C’est dans la vallée du Mississipi qu’il sert particulièrement; en 1724, il devient à la Nouvelle Orléans, le gouverneur intérimaire de la Louisiane. Pensionné de l’État, il retourne en France dès 1730. Il y meurt en 1736, à l’âge de 61 ans.

Jeanne et Élisabeth sont religieuses à l’Hôtel-Dieu de Montréal. Elles meurent toutes deux à quelques jours d’intervalle en 1734, emportées par la peste dont les passagers du navire royal ont été atteints; en les soignant, elles contractent le fatal virus.

Marie-Charlotte-Élisabeth DuGué (1683-1731), née à l’île Sainte-Thérèse. Elle épouse à Québec en 1706 Jean Petit, trésorier de la marine. Elle décèdera en mer en 1731 au retour d’un voyage en France.

Marie-Thérèse DuGué de Boisbriand (1671-1744), née à Montréal. Elle épouse en 1691 Charles Piot de Langloiserie, un brillant militaire.

Les deux sœurs et les deux beaux-frères se voient concéder en 1714 le territoire des Mille-Îles, celui de leur père et beau-père, revenu à la couronne parce que pendant 26 ans aucun travail de colonisation n’y a été effectué. Le territoire est vierge comme en 1683; les autorités qui veulent honorer la mémoire et la famille de Michel-Sidrac DuGué et récompenser deux militaires chevronnés, comptent sur l’essor du territoire.

Pour le rendre plus imposant, il est porté sur le front de la rivière de trois lieues à quatre lieues et demie, avec toujours trois lieues en profondeur.
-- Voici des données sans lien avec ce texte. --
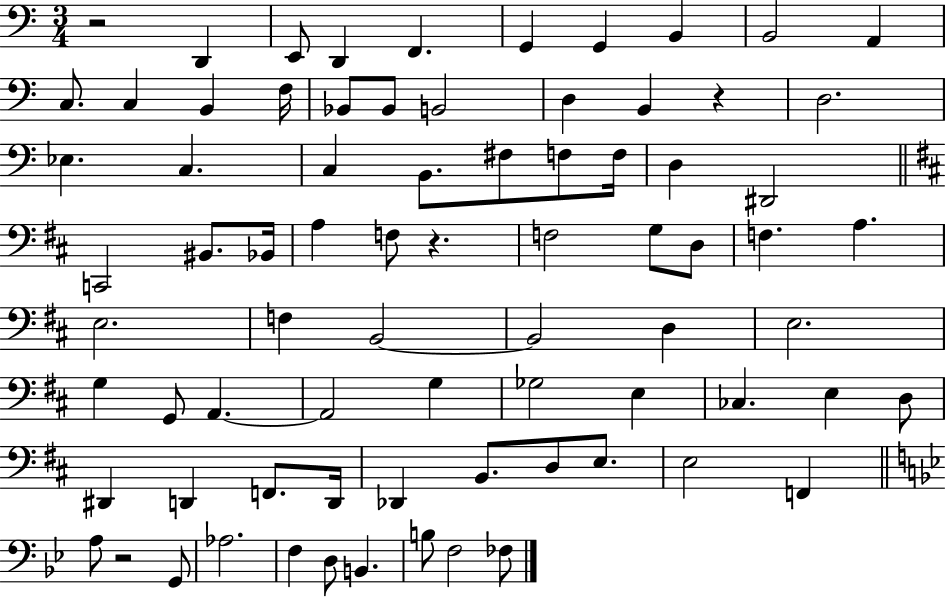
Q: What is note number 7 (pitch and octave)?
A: B2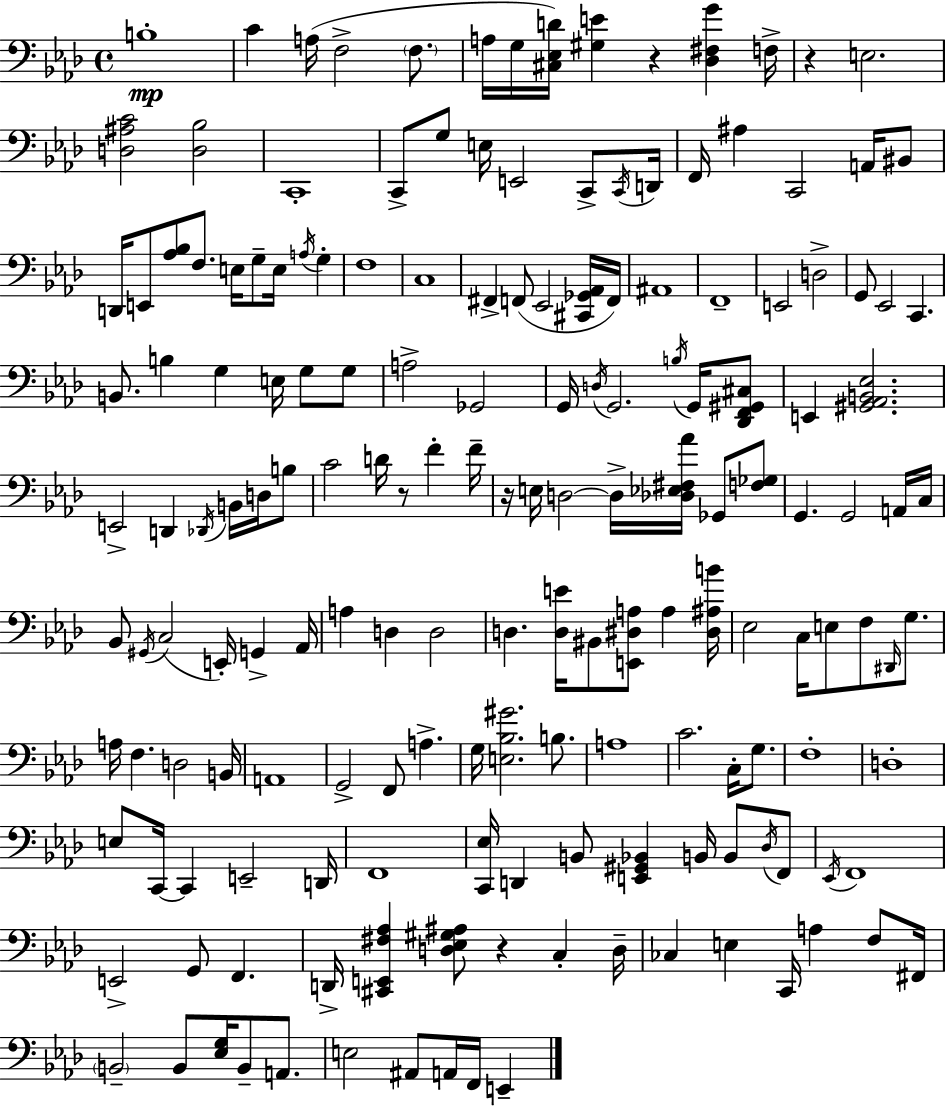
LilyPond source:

{
  \clef bass
  \time 4/4
  \defaultTimeSignature
  \key f \minor
  \repeat volta 2 { b1-.\mp | c'4 a16( f2-> \parenthesize f8. | a16 g16 <cis ees d'>16) <gis e'>4 r4 <des fis g'>4 f16-> | r4 e2. | \break <d ais c'>2 <d bes>2 | c,1-. | c,8-> g8 e16 e,2 c,8-> \acciaccatura { c,16 } | d,16 f,16 ais4 c,2 a,16 bis,8 | \break d,16 e,8 <aes bes>8 f8. e16 g8-- e16 \acciaccatura { a16 } g4-. | f1 | c1 | fis,4-> f,8( ees,2 | \break <cis, ges, aes,>16 f,16) ais,1 | f,1-- | e,2 d2-> | g,8 ees,2 c,4. | \break b,8. b4 g4 e16 g8 | g8 a2-> ges,2 | g,16 \acciaccatura { d16 } g,2. | \acciaccatura { b16 } g,16 <des, f, gis, cis>8 e,4 <gis, aes, b, ees>2. | \break e,2-> d,4 | \acciaccatura { des,16 } b,16 d16 b8 c'2 d'16 r8 | f'4-. f'16-- r16 e16 d2~~ d16-> | <des ees fis aes'>16 ges,8 <f ges>8 g,4. g,2 | \break a,16 c16 bes,8 \acciaccatura { gis,16 }( c2 | e,16-.) g,4-> aes,16 a4 d4 d2 | d4. <d e'>16 bis,8 <e, dis a>8 | a4 <dis ais b'>16 ees2 c16 e8 | \break f8 \grace { dis,16 } g8. a16 f4. d2 | b,16 a,1 | g,2-> f,8 | a4.-> g16 <e bes gis'>2. | \break b8. a1 | c'2. | c16-. g8. f1-. | d1-. | \break e8 c,16~~ c,4 e,2-- | d,16 f,1 | <c, ees>16 d,4 b,8 <e, gis, bes,>4 | b,16 b,8 \acciaccatura { des16 } f,8 \acciaccatura { ees,16 } f,1 | \break e,2-> | g,8 f,4. d,16-> <cis, e, fis aes>4 <d ees gis ais>8 | r4 c4-. d16-- ces4 e4 | c,16 a4 f8 fis,16 \parenthesize b,2-- | \break b,8 <ees g>16 b,8-- a,8. e2 | ais,8 a,16 f,16 e,4-- } \bar "|."
}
Le fief des Mille-Îles s’étend donc alors au-delà du Saint-Eustache d’aujourd’hui.

Formation du secteur de Saint-Eustache

En 1718, les deux sœurs divisent le fief en deux parties. Madame de Langloiserie, veuve depuis 1715, prend la partie est de la seigneurie, celle qui va de Bois-des-Filion aux limites actuelles de Boisbriand et de Saint-Eustache. Jean Petit et son épouse prennent le secteur de Saint-Eustache.

De ces derniers, nous devons dire un mot. La fille aînée du couple Petit, qui se nomme Charlotte-Louise Petit, épousera Eustache-Louis-Lambert Dumont (d’où Saint-Eustache tire son nom). Leur fils Eustache Dumont a un fils et une fille. La fille, Marie-Elvire Dumont, épouse Pierre Laviolette vers 1822. Le fils, Charles Louis-Lambert Dumont, né en 1806, a de son mariage avec Mlle Roy-Bush, une fille Virginie Marguerite, qui épouse en 1854 Charles-Auguste Globensky, de Saint-Eustache. Louise Angélique Dumont, sœur de Eustache Dumont fils, épousait en 1793, Antoine de Bellefeuille. Pour les anciens, de Bellefeuille, Laviolette et Globensky sont des noms familiers dans la région à cause de la seigneurie Dumont, largement prolongée à l’arrière des terres jusqu’à Saint-Jérôme (continuations des Mille-Îles).